It was about the time when that fix was first being reported on that it became obvious to me that big companies don’t fix every single bug because they just don’t have the time. The dude actually doing the work might know how to fix a thing, but never tasked to do so because someone above them thought their time would be better spent on something else. And that’s the best case; most of the time they would probably have to spend more time actually hunting the bug down, too.
Meanwhile, a game made by a single dude in his free time could fix every random bug reported to them just because they don’t necessarily have to prioritize anything else.
I love game made by a single dude fixing bugs! I play Wazhack, and have sent bug reports to the single dude and gotten replies and clarification requests and its always cool as hell!
As long as the code is well written, I actually find fixing bugs more satisfying than I would have writing the original code.
At a previous company, I got in trouble for fixing a bug because the company made a significant portion of their revenue from paid customer support fixing data related to the bug.
Wow… that sounds like a whistleblower type situation. Unfortunately, whistleblowing doesn’t pay the bills…
Not every whistleblower reveals their identity, just needs some proof and a good journalist.
Unless you have what it takes to be a celebrity
1-money 2-incompetence 3-the senior prgrammer left somewhere and is uncontactable, or was sacked by a powertripping manager with the IQ of a cinder block and no one can work out what the hell they wrote.
If you work at an old enough company the answer is usually 4, whoever wrote the code is long since dead and no one these days knows anything about COBOL.
Until about 4 years ago we still had a dot matrix printer.
TLDR: it doesn’t make (or save) money for companies in the short-term.
Not only this, but also ‘agile’.
There‘s also the aspect of dark patterns that make up a huge bulk of Enshittification. They‘re making their software worse and let you jump through hoops simply to get you to spend more time and money on it. A lot of those hoops very much feel and probably sometimes are just bugs or inefficiencies.

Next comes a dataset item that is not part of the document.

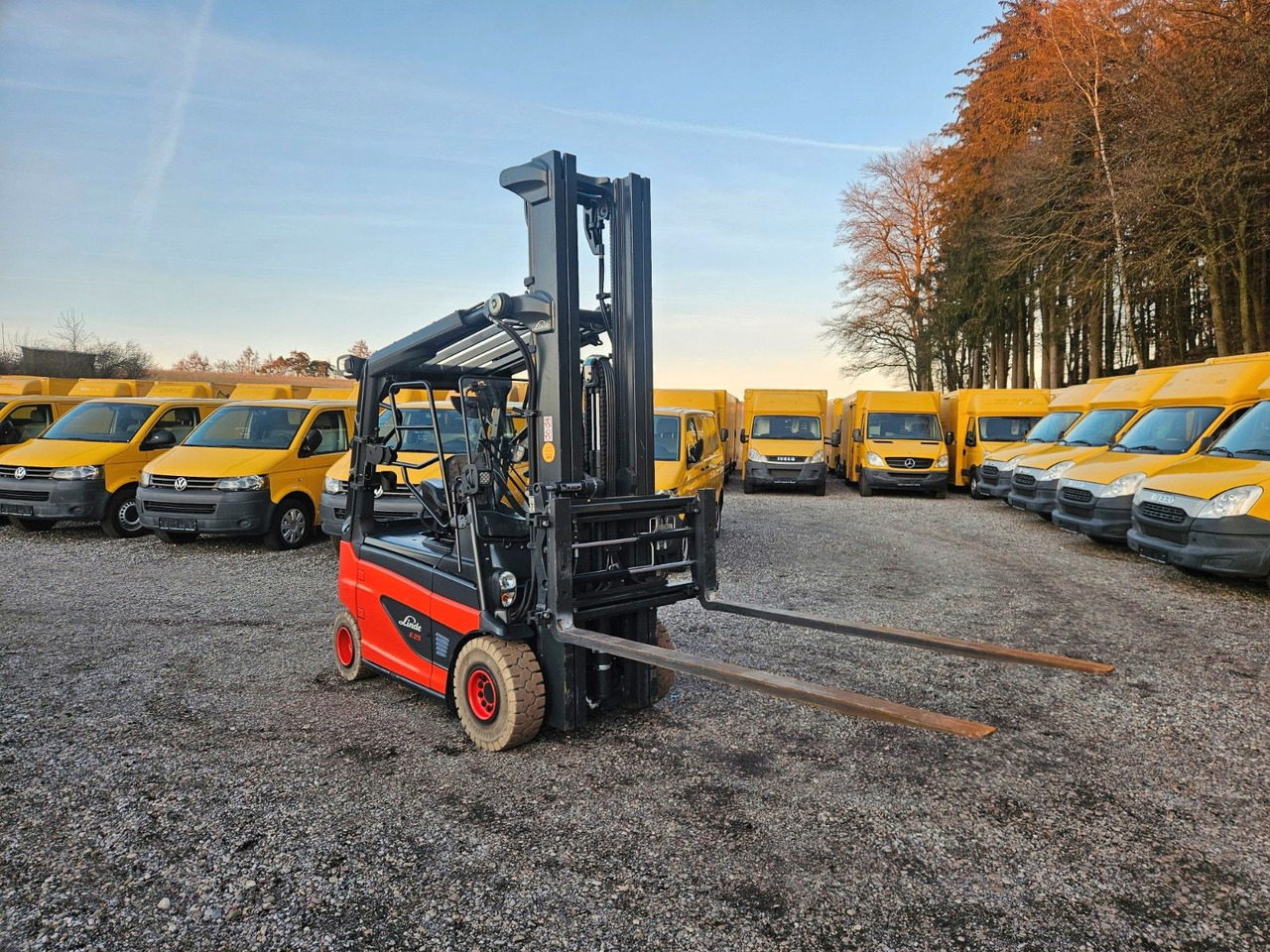 Linde E25 R Roadster , 6.880mm Hubhöhe, StVZO hydr. Zi - Electric forklift: picture 4 Linde E25 R Roadster , 6.880mm Hubhöhe, StVZO hydr. Zi - Electric forklift: picture 4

I always tell perspective employers that I don’t want to be management. I care too much for the user. And I tell current employers that they don’t want me in charge of priorities, because I prioritize tech debt.
I’m a manager. I prioritize tech debt by lying to my stakeholders. The only downside is they don’t appreciate the cause of our stability. But it’s the right decision for the company.
I too have been in the inside and I was one of those types who fought to do the right thing. The reason was much more simple to understand than this article…companies are run by sociopaths, psychopaths, Narcissists and doing the right thing is not their motivation. That said, while it might be easy to point the finger at them, they only get their power as soon as many kiss their ass and accept the wrong. You know…sort of like what is happening in the USA and most other country’s. We have a massive problem and we are not even really talking about it. Instead some want to blame capitalism and while sure it is part of the problem, you better believe and centralized human group has and will suffer from the same issues to varying degrees.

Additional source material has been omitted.